THE DATA
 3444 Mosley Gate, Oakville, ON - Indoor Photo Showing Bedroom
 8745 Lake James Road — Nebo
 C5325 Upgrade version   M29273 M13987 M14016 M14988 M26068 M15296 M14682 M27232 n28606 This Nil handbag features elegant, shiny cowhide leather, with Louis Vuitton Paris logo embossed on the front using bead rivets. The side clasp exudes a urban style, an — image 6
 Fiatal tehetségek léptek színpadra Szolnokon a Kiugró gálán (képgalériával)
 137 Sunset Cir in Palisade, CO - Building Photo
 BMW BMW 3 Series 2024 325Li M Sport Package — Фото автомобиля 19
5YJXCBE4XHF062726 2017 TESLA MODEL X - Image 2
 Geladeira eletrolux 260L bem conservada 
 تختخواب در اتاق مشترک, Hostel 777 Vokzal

TASK STATEMENT
Beginning at the line above that contains "Fiatal tehetségek léptek", return each line exactly through the line that contains "Geladeira eletrolux 260L bem conservada", and no others.

OUTPUT OF THE TASK
 Fiatal tehetségek léptek színpadra Szolnokon a Kiugró gálán (képgalériával)
 137 Sunset Cir in Palisade, CO - Building Photo
 BMW BMW 3 Series 2024 325Li M Sport Package — Фото автомобиля 19
5YJXCBE4XHF062726 2017 TESLA MODEL X - Image 2
 Geladeira eletrolux 260L bem conservada 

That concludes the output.